When a measurement is rounded, the exact value could be slightly more or less than the rounded value. The upper and lower bounds describe the range of values that the original (exact) value could have been.
Why Use Bounds?
To identify the maximum and minimum possible values of a quantity when it has been rounded, especially in measurement and error calculation contexts.
Key Terms
- Upper bound: The highest possible actual value before it would round up to the next unit.
- Lower bound: The lowest possible actual value before it would round down to the previous unit.
How to Find Bounds
- If a number is rounded to the nearest whole number, the bounds are found by adding and subtracting 0.5.
- If rounded to the nearest tenth (1 decimal place), add and subtract 0.05.
- If rounded to the nearest hundred, add and subtract 50.
General Rule:
If a number is rounded to the nearest \( n \), then:
- Lower bound = rounded value \( – \frac{n}{2} \)
- Upper bound = rounded value \( + \frac{n}{2} \)
Important:
- Bounds are usually written as inequalities or intervals.
- For calculations involving measurements, use bounds to find the maximum and minimum possible result.
Example:
Write down the upper bound of a length measured as 57 m, correct to the nearest metre.
▶️ Answer/Explanation
Step 1: Since the length is rounded to the nearest metre, the accuracy is \( \pm 0.5 \, \text{m} \).
Step 2: Add 0.5 to get the upper bound:
\( 57 + 0.5 = 57.5 \, \text{m} \)
Final Answer: Upper bound = \( 57.5 \, \text{m} \)
Example:
A length is measured as 84 cm, correct to the nearest centimetre. Find the upper and lower bounds of the actual length.
▶️ Answer/Explanation
Step 1: Since the value is rounded to the nearest cm, the accuracy is \( \pm 0.5 \, \text{cm} \).
Step 2: Use bounds formula:
- Lower bound: \( 84 – 0.5 = 83.5 \, \text{cm} \)
- Upper bound: \( 84 + 0.5 = 84.5 \, \text{cm} \)
Final Answer: The actual length lies between \( 83.5 \, \text{cm} \leq \text{length} < 84.5 \, \text{cm} \)
Example:
A rectangular field is said to be 30 m long and 12 m wide, both correct to the nearest metre.
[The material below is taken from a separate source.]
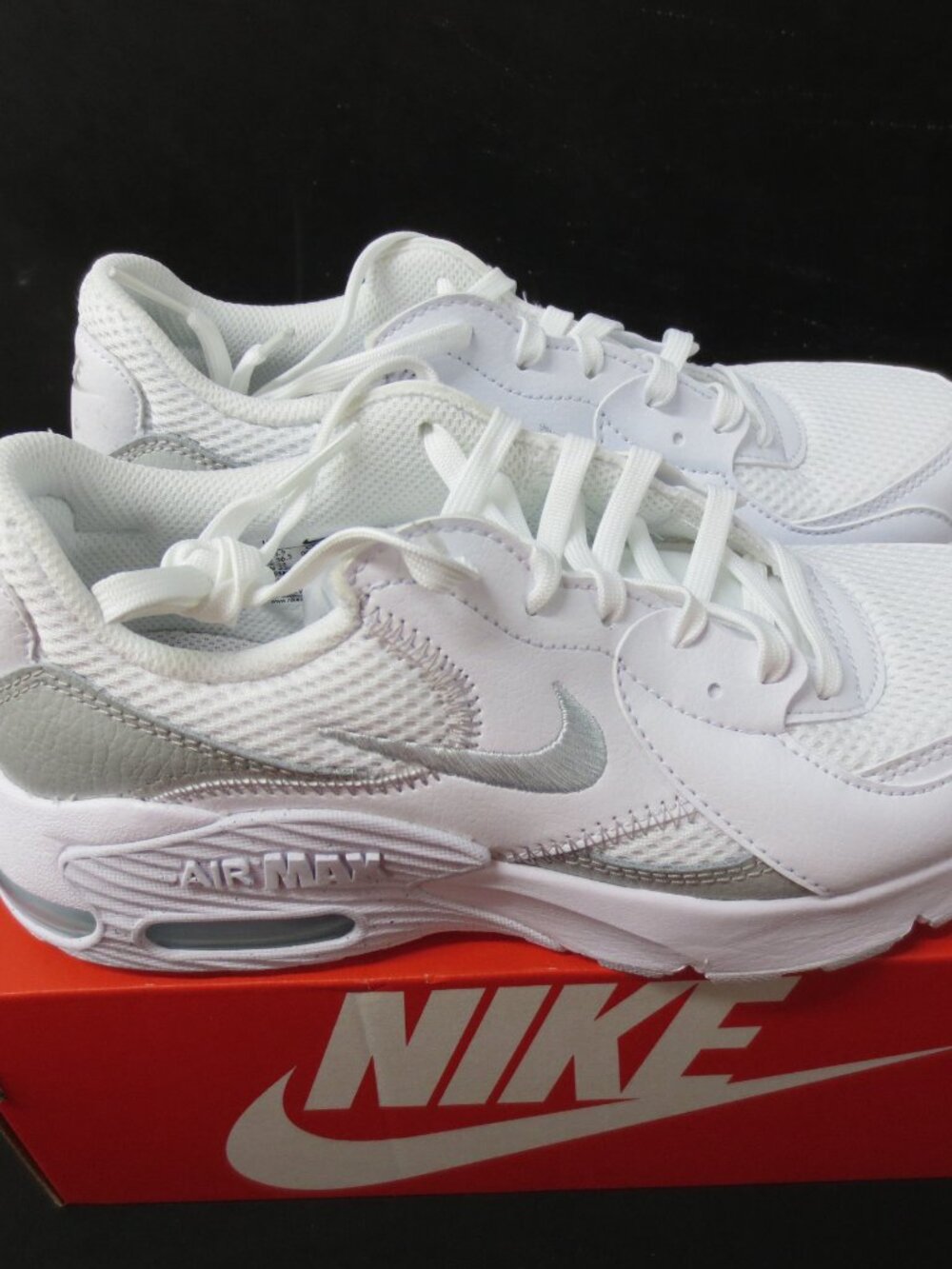 Nike Women's Air Max Excee Sneakers Sz: 6 CD5432-121 White/Metallic Platinum NIB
Find the maximum and minimum possible area of the field.
▶️ Answer/Explanation
Step 1: Since both are to the nearest metre:
- Length bounds: \( 29.5 \leq L < 30.5 \)
- Width bounds: \( 11.5 \leq W < 12.5 \)
Step 2: Calculate minimum and maximum area:
- Minimum area = \( 29.5 \times 11.5 = 339.25 \, \text{m}^2 \)
- Maximum area = \( 30.5 \times 12.5 = 381.25 \, \text{m}^2 \)
Final Answer: The area lies between \( 339.25 \, \text{m}^2 \leq \text{Area} < 381.25 \, \text{m}^2 \)